When the United States was invited to participate in the 1925 Paris Exposition,  Herbert Hoover, then Secretary of Commerce, declined, saying:  "America has no modern design.".   Luckily, a commission of 102 representatives was formed to go to Paris and visit the 1925 "Exposition des Arts Decoratifs et Industrielles Modernes".   At that time, the term "Art Deco" had not been coined yet...the style was called "Moderne".   Also, 400 items were chosen from the Exposition and toured 8 museums in the United States and by 1928 the "Modern" style had taken the United States by Storm.

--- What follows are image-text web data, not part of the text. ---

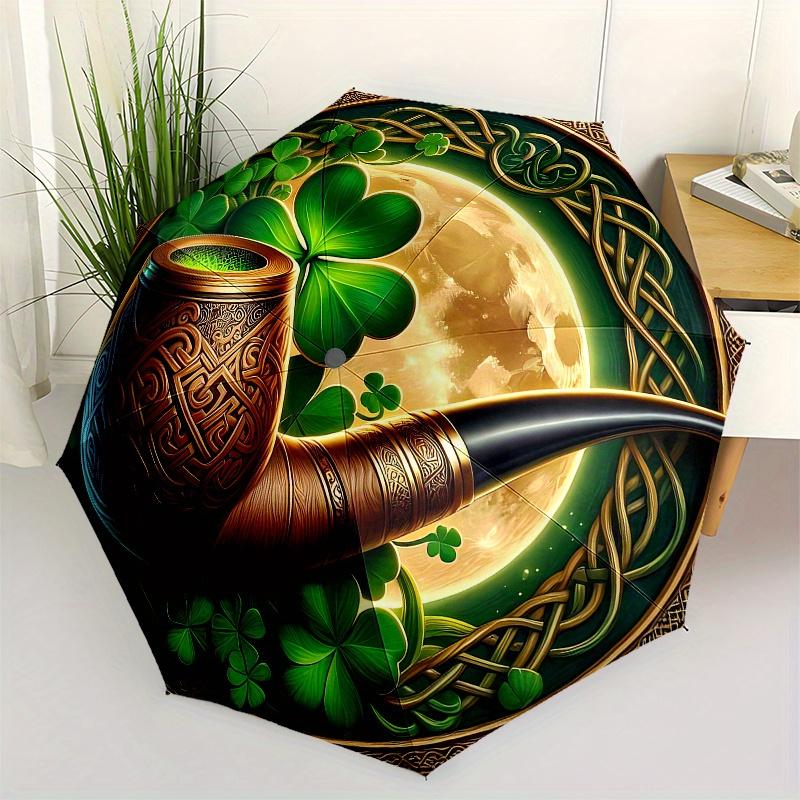 

Irish Clover Moon Pipe Ornament: Celtic Decor with Shamrock Motif Umbrella, Cute Umbrella with Cute Design, Portable 3-Fold Compact Umbrella for Men &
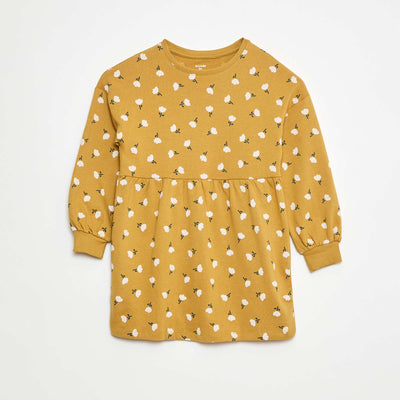Robe à motif en molleton non-doublé JAUNE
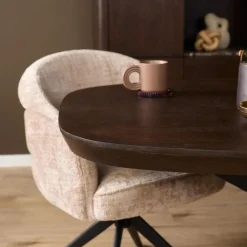 Furndea Eettafels|Eettafel Martin Deens ovaal Walnoot Zwarte poot 160cm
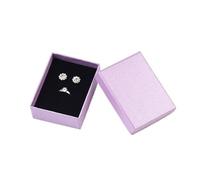 Lot de 24 boîtes à bijoux en carton 7 x 9 cm, emballage cadeau papier avec éponge noire pour Ranger les Boucles d'oreilles(PURPLE)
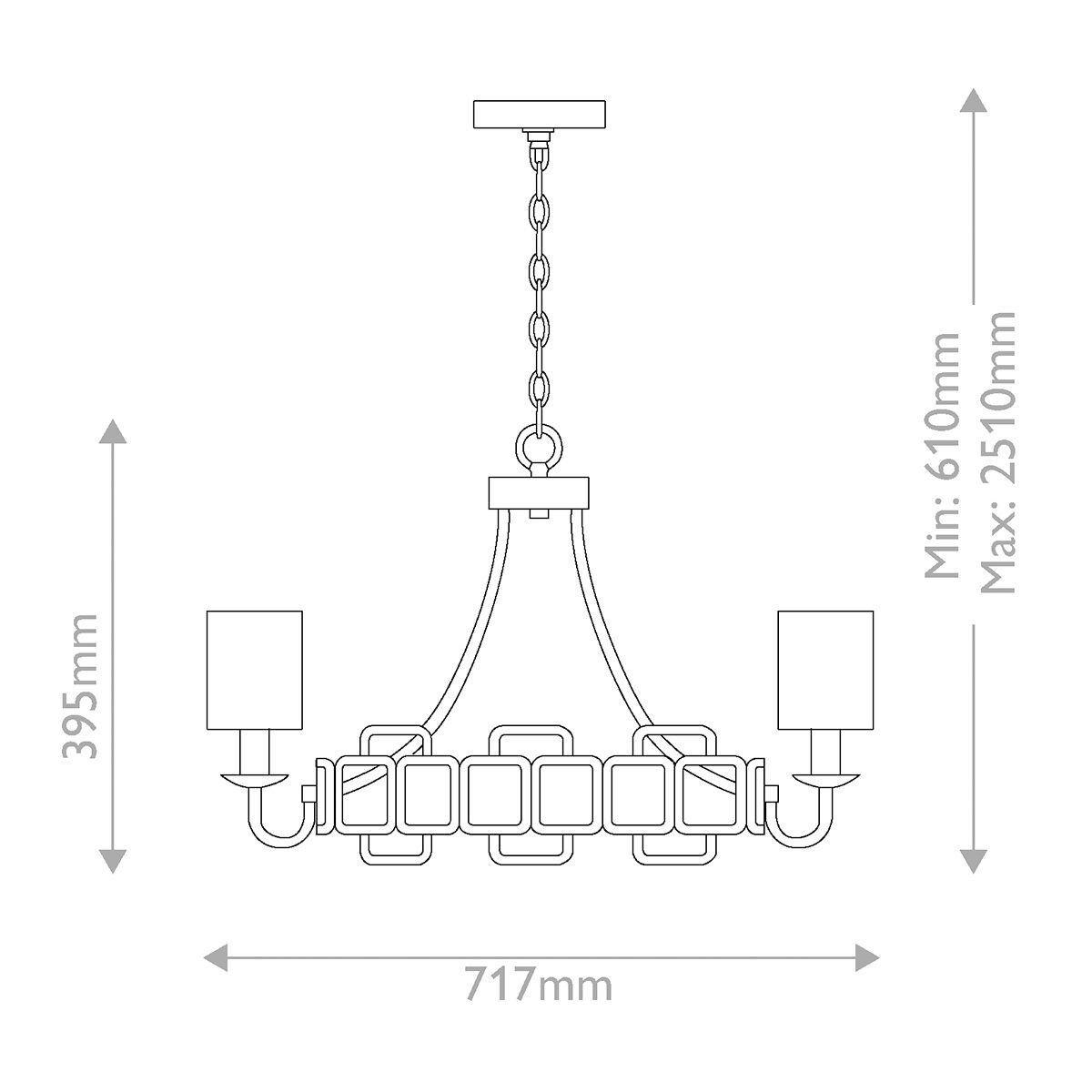 KRONLEUCHTER Hinkley 39,5/71,7 cm  - Schwarz, Design, Textil/Metall (39,5/71,7cm) - Elstead Lighting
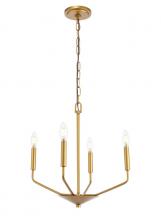 Elegant LD8025D18BR - Enzo 4 Light Brass Pendant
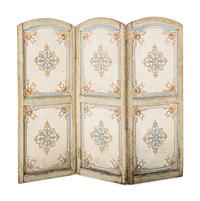 A Louis XV Painted Canvas Five-Panel Floor Screen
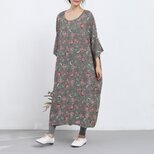 【即納】ゆったり　ロング　コットン　ワンピースの画像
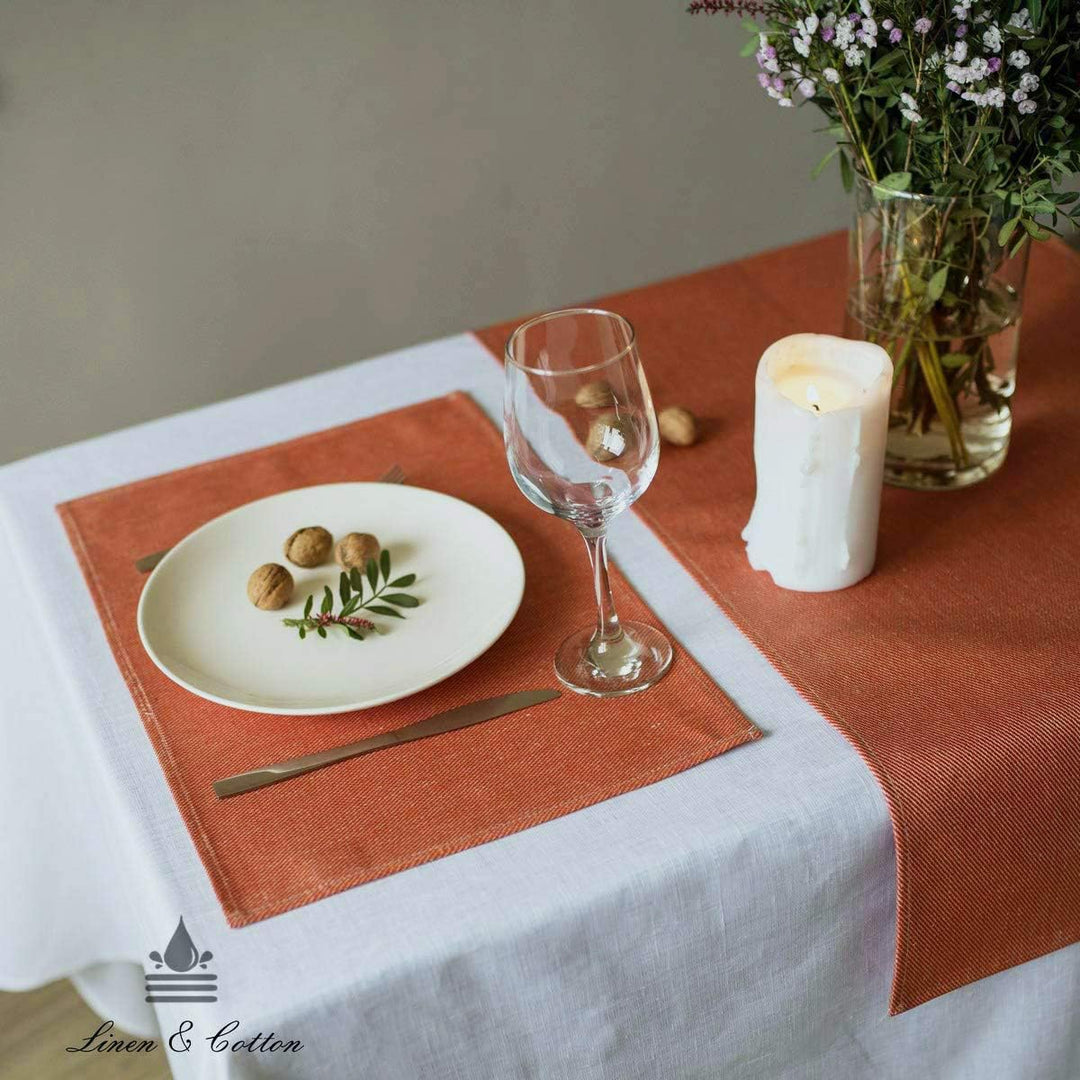 Linen & Cotton Tischsets Platzsets Stoff Tischmatte Pietro - 100% Leinen, Coral Rosa (30 x 45cm, 2 S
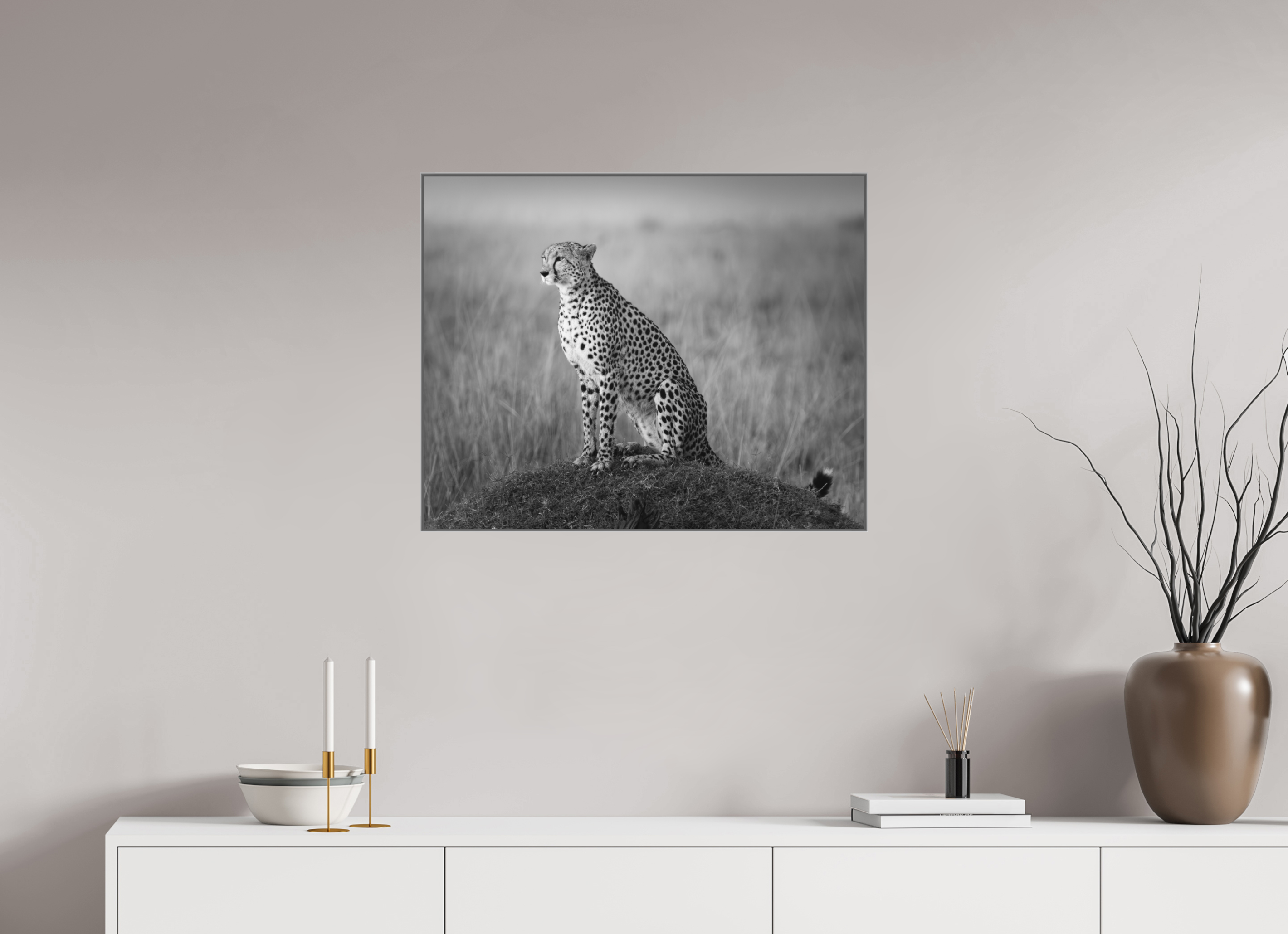 75 x 60 cm, Framed in Aluminium Art Box Printed on Ilford BW Photo Print under Acrylic Glass - w-out border Kulete III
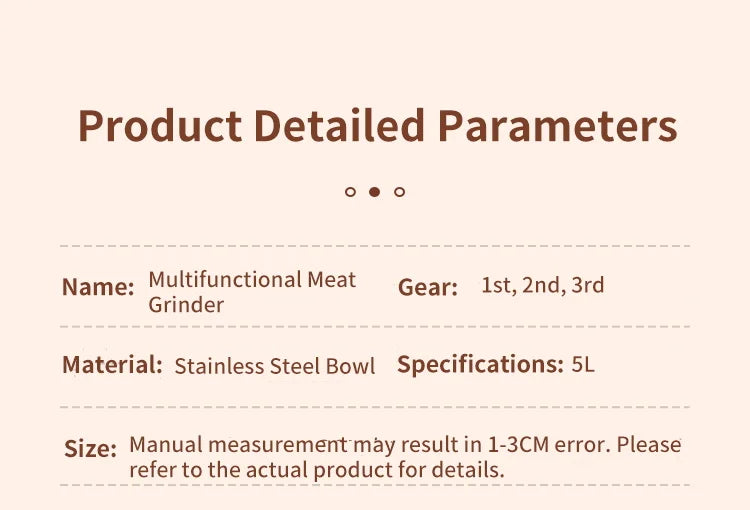 5L Electric Food Chopper - Vegetable Processor Meat Grinder Mixer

 We have an invitation sent out by Bonwit's for a show of the "Paris Mode" in 1925 with the image of the Robert Bonfils poster that typified the 1925 America took notice!   The Chrysler Building was started in 1928 and used stainless steel in its construction.  The Empire State Building's construction began in 1930 and was finished in 1931.  But American Art Deco is derived more from the Bauhaus and the Wiener Werkstatte designs as many of their members came to the United States fleeing the Nazi Regime which frowned upon anything Modernistic.  Joseph Urban, Paul Frankl, Wolfgang Hoffmann, Mies Van Der Rohe, Frederic Kiessler, KEM Weber...all are names linked to American Art Deco design.  (By the way, the term "Art Deco" was coined in a book published by Bevis Hillier in 1971 and it's a shortening of the "Arts Decoratifs" portion of the title of the Exhibition.  

Ric Emmett, in his book, American Art Deco Furniture, describes much of what went on in the design community and talks about the "pioneers" who resurrected American Art Deco in the late 1970's and 1980's, saving the rich legacy of the designers from Europe and the "home grown" ones such as Donald Deskey and Gilbert Rohde.  

The book then illustrates several pieces of furniture designed by the "greats" including period documentation of their designs and then continues to talk about some "Anonymous" designers and manufacturers.  The last pages of the book have images of the various marks and labels used by each designer.